If it's a recorded soundtrack, you could recognise this by the intonation, emphasis on "years", falling with "...'nd more".  In writing, it's as you have written in the original question.

To achieve the opposite meaning ("my companion, and more,...") would have required at least a comma, if not a dash or semi-colon, after the word "years".  In spoken form there would be a pause, and then a verbal emphasis on the word "*a*nd" or the word "more" or both.


----------



## The MightyQ

Ah, c'est un film.
Then the way it was said could help understand the meaning. That is, the relative emphasis on "and more" compared to "the past twenty years" would make a big difference.    

I wonder what was in the original screenplay?


----------



## Arzhela

The MightyQ said:


> I wonder what was in the original screenplay?


Good question !


----------



## The MightyQ

Perhaps the actress had no idea what it meant either!


----------



## bloomiegirl

bloomiegirl said:


> Reste à la comédienne d'en être le juge-arbitre.


Reste au dramaturge... si ce n'était pas à l'improviste !


----------



## lodelalu

ah ! ah !


----------



## The MightyQ

This could be a good exercise for acting class


----------



## bloomiegirl

Si l'on disait : Il est mon partenaire de vie depuis vingt ans et davantage", serait-ce aussi un peu ambigu ?

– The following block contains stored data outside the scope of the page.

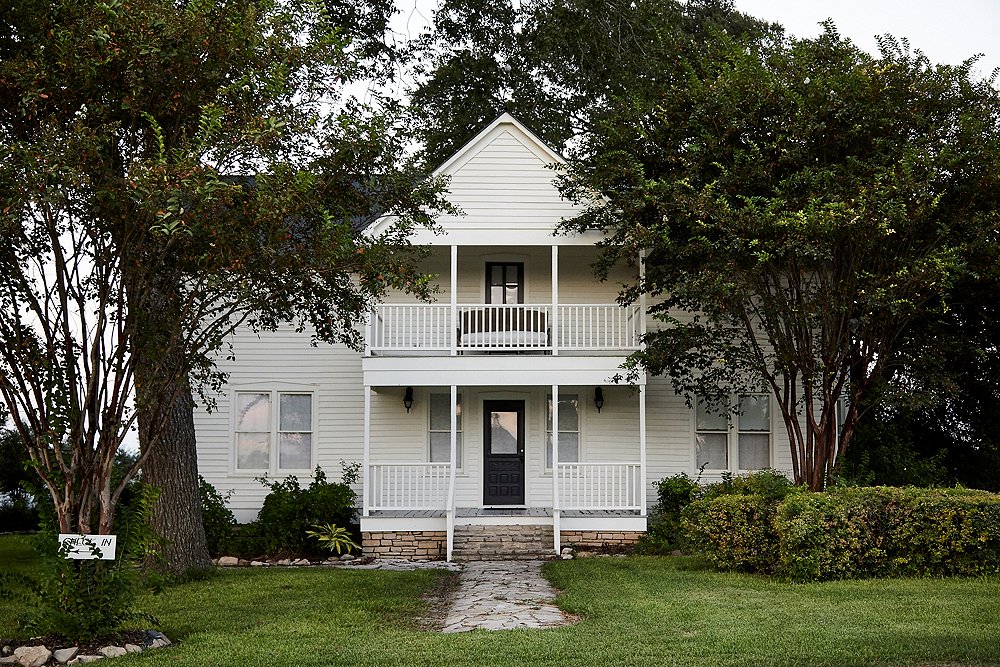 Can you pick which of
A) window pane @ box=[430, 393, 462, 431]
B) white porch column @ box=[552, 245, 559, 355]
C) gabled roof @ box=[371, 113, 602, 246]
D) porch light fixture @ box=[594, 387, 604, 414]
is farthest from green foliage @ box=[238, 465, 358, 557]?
porch light fixture @ box=[594, 387, 604, 414]

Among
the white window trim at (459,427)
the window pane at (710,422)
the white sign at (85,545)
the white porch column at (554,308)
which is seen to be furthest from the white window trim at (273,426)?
the white sign at (85,545)

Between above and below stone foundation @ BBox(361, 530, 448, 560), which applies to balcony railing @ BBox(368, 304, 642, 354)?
above

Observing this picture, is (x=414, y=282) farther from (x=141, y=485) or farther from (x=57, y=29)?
(x=57, y=29)

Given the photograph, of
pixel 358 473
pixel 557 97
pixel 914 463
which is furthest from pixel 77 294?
pixel 557 97

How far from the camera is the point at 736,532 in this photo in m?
13.3

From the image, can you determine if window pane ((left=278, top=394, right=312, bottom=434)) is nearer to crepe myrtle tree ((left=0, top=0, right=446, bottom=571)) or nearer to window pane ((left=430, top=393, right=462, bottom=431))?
window pane ((left=430, top=393, right=462, bottom=431))

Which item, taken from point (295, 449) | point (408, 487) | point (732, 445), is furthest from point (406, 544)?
point (732, 445)

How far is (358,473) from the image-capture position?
60.2 feet

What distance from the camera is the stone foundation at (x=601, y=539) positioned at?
16312 mm

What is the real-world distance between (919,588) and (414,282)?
648 cm

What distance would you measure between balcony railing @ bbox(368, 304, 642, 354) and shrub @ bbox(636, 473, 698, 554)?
8.16ft

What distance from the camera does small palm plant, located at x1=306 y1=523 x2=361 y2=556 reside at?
51.1 feet

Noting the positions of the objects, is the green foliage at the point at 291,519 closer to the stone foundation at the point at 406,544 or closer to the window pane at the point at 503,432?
the stone foundation at the point at 406,544

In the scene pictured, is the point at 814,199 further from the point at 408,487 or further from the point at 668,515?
the point at 408,487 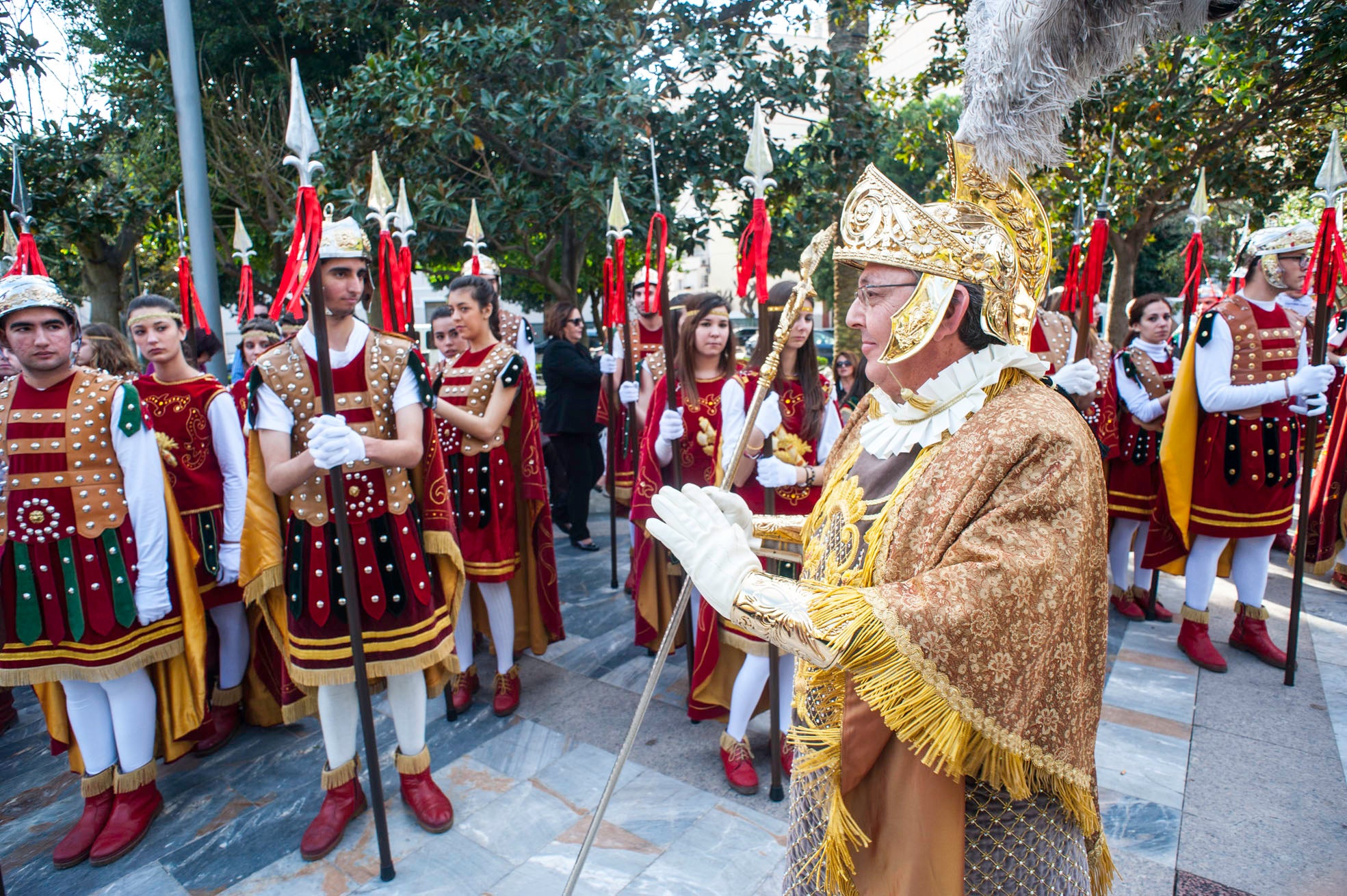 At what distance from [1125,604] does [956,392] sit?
15.6 ft

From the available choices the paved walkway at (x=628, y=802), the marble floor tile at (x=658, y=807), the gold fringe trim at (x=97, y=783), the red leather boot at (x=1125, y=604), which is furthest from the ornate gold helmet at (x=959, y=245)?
the red leather boot at (x=1125, y=604)

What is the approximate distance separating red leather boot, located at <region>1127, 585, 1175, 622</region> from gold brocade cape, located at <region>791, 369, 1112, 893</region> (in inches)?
176

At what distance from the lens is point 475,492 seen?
4.21 meters

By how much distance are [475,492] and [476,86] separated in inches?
176

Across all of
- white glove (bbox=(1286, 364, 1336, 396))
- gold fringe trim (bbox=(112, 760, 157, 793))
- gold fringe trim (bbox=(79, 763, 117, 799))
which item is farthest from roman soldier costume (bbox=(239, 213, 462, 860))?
white glove (bbox=(1286, 364, 1336, 396))

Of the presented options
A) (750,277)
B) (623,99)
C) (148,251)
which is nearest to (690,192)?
Answer: (623,99)

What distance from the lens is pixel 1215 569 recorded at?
457 centimetres

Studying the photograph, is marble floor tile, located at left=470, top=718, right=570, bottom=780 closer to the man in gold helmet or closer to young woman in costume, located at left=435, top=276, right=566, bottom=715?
young woman in costume, located at left=435, top=276, right=566, bottom=715

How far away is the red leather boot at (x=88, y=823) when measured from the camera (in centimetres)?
305

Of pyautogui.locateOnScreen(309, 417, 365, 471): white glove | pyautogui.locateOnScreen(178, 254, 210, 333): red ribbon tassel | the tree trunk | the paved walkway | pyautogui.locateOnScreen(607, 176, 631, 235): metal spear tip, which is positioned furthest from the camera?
the tree trunk

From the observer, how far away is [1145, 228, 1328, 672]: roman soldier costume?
14.1 feet

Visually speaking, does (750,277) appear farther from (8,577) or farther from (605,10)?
(605,10)

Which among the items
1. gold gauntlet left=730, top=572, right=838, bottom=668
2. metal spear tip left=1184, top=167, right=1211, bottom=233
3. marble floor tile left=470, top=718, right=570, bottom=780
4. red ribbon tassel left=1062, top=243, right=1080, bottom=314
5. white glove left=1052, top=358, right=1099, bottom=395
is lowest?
marble floor tile left=470, top=718, right=570, bottom=780

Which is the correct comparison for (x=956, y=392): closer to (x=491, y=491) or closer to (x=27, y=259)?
(x=491, y=491) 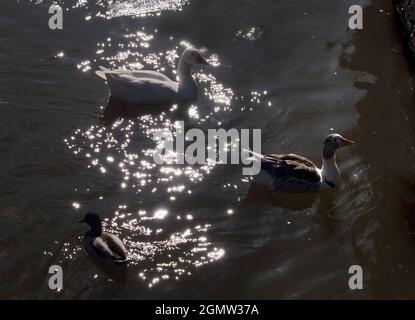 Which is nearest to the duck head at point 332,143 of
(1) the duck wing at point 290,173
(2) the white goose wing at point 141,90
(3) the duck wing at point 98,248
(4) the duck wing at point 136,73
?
(1) the duck wing at point 290,173

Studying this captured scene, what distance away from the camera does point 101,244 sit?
9.39 meters

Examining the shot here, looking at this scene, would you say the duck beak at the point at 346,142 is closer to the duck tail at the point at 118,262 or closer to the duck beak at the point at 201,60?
the duck beak at the point at 201,60

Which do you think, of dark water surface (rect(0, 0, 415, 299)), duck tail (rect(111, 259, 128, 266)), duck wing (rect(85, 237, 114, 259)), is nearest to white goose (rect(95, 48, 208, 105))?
dark water surface (rect(0, 0, 415, 299))

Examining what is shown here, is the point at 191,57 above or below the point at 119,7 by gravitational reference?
below

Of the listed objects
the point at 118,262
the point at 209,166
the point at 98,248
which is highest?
the point at 209,166

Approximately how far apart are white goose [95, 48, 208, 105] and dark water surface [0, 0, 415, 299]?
338mm

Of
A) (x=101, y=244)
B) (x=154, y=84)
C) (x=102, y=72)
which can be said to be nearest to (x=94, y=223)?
(x=101, y=244)

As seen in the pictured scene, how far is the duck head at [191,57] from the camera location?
13.0 m

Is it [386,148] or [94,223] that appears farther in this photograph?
[386,148]

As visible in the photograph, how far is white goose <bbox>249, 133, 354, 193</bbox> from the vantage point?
10.9 m

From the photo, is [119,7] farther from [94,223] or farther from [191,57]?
[94,223]

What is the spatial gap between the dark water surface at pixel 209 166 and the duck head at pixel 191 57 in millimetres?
551

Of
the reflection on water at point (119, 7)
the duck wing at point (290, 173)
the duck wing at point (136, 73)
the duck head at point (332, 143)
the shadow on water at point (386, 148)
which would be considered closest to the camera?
the shadow on water at point (386, 148)

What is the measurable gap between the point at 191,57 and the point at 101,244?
15.7 ft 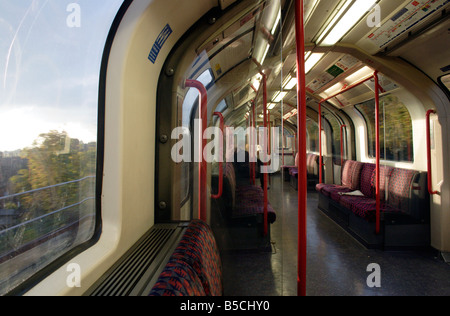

(Or would it just be wrong? )


----------



## lodelalu

bloomiegirl said:


> Si l'on disait : Il est mon partenaire de vie depuis vingt ans et *d'*avantage", serait-ce aussi un peu ambigu ?
> 
> (Or would it just be wrong? )



Non, c'est bien, ... dans un style plus "parlé" on pourrait dire

" ... depuis vingt ans et plus "


----------



## bloomiegirl

D'accord quant à "plus" ; mais "d'avantage" ?


----------



## lodelalu

oui, désolé, c'est vrai, " davantage " s'écrit en un seul mot dans ce cas


----------



## bloomiegirl

Merci Lodelalu. Sometimes it's hard to keep up!


----------